▶ [WORK TO COMPLETE] Reproduce the whole listing that follows, character for character, and drop the images.

=== DATA BELOW ===

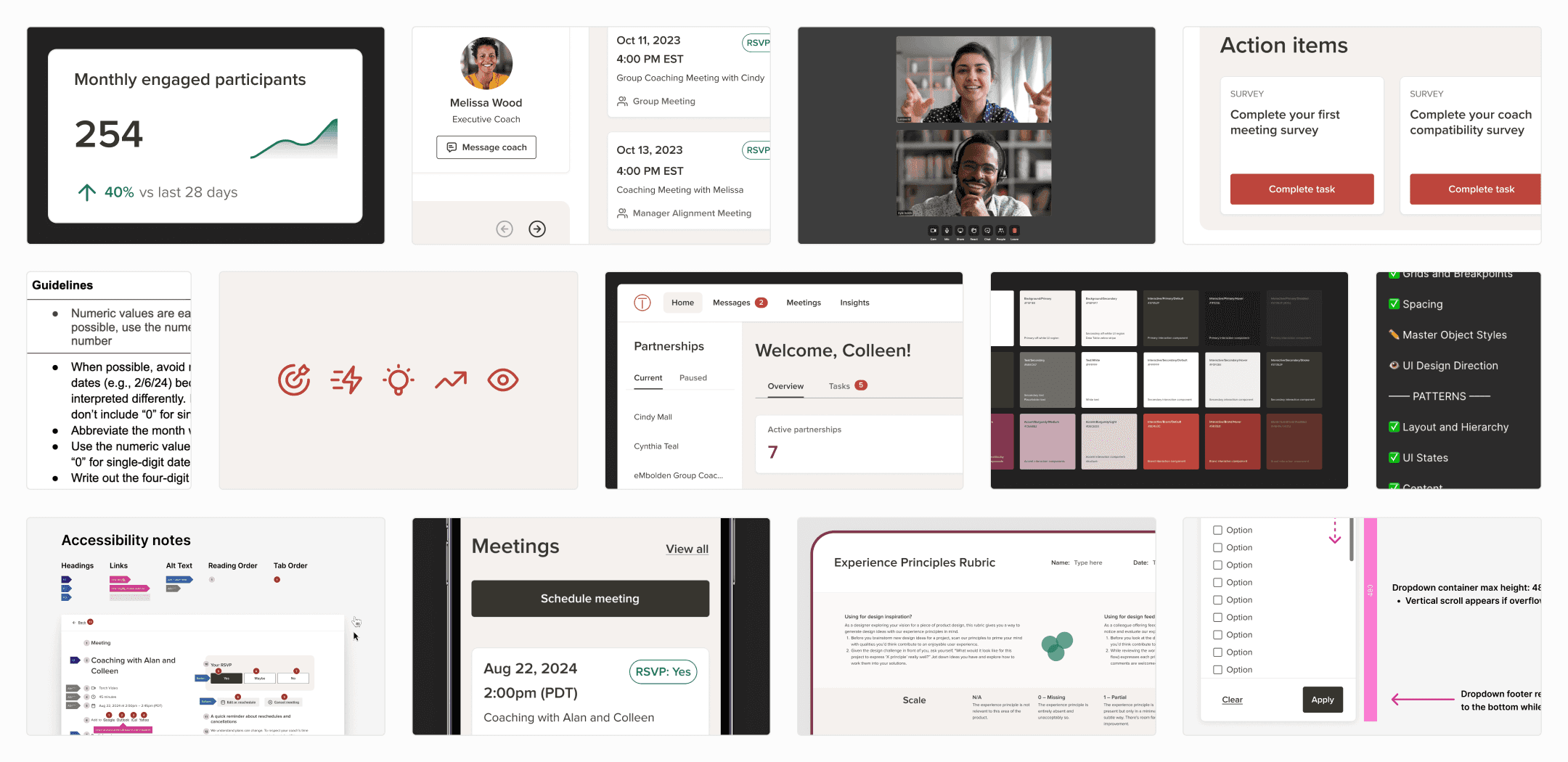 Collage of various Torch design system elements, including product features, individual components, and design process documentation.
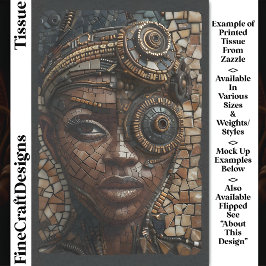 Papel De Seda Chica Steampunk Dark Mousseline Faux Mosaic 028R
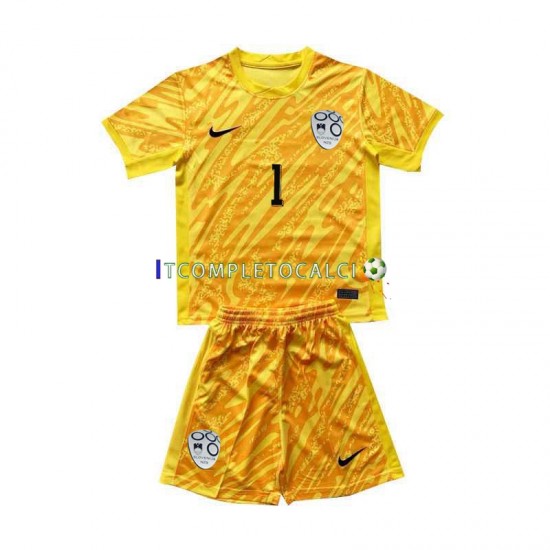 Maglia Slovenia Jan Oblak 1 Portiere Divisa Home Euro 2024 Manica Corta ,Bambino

===

▶ [SOLUTION FOR THIS TASK]
 Collage of various Torch design system elements, including product features, individual components, and design process documentation.
 Papel De Seda Chica Steampunk Dark Mousseline Faux Mosaic 028R
 Maglia Slovenia Jan Oblak 1 Portiere Divisa Home Euro 2024 Manica Corta ,Bambino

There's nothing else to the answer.